Post by RandomCasualty »

Murtak at [unixtime wrote:1125827493[/unixtime]]
As long as the basic game structure still works and as long as there are people who have fun playing like that I am not going to claim the game is broken.

This is a loaded question. Sure, as long as the structure works and people are having fun, the game can work. However, I don't think people especially have much fun in really fast one shot kills combat. It's pretty much agaisnt the idea of heroic combat in general, because it means you have to start doing similar stuff to kill the heroes.

Obviously, I'm a bit biased here because I hate preparation time, so I just don't have fun shifting more emphasis on preparation. I never have and I never will. Many of my players feel the same way as well though, so I know I'm not alone.




So you reduce the challenge rating. Guess what i supposed to happen in DnD when going up against a monster equal to the party (CR of party level +4)? They are supposed to get wiped out half of the time.

RIght, but then the game turns into a total cake walk. That's the thing. Against power characters, they usually have enough healing to be at full power every combat, and they tend to wipe stuff out in 1-2 rounds. The only way to challenge them is to pit them against stuff that can do what they can do, namely 1-2 round kills.

So you either consign yourself to having zero challenge encounters that the PCs simply walk all over, or you have to really challenge them. If you do choose to really challenge them... well that's where the margin between "challenging" and "TPK" becomes really important. The thinner that margin, the greater your chances of wiping out the party. Not surprising the faster combats go, the less bad luck it takes to get a TPK.

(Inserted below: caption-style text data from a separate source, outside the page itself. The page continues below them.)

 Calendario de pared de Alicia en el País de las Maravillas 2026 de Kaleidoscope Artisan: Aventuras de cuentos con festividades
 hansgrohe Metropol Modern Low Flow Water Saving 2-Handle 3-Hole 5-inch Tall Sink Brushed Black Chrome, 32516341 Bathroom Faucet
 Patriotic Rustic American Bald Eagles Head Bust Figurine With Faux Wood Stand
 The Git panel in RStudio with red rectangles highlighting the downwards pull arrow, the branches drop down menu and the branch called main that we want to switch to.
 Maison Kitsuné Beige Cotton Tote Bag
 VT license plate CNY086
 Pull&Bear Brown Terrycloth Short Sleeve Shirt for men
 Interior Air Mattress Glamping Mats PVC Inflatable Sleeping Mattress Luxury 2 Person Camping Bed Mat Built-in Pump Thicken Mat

While having longer combats doesn't necessarily mean that TPKs can't happen, it does shift the advantage to the group with the numerical edge (whcih most certainly is the PCs). It's much like playing a game of roulette. If you take 10 spins, your chances of walking out a winner are a lot better than if you take 100 spins. The longer your playing session, the more numerical edges become important.


Actually that is your entire argument. You previously claimed that reducing combat to a single turn is a bad thing. Now you say it is not. Make up your mind.

Sometimes people can get lucky. I don't think that removing criticals or save or die is all that big a deal. It's not as though every unit on every battlefield has to last 3+ rounds. It's ok to take out the goblin king's bodyguard in one round with a finger of death or a crit with your greataxe. Nobody cares.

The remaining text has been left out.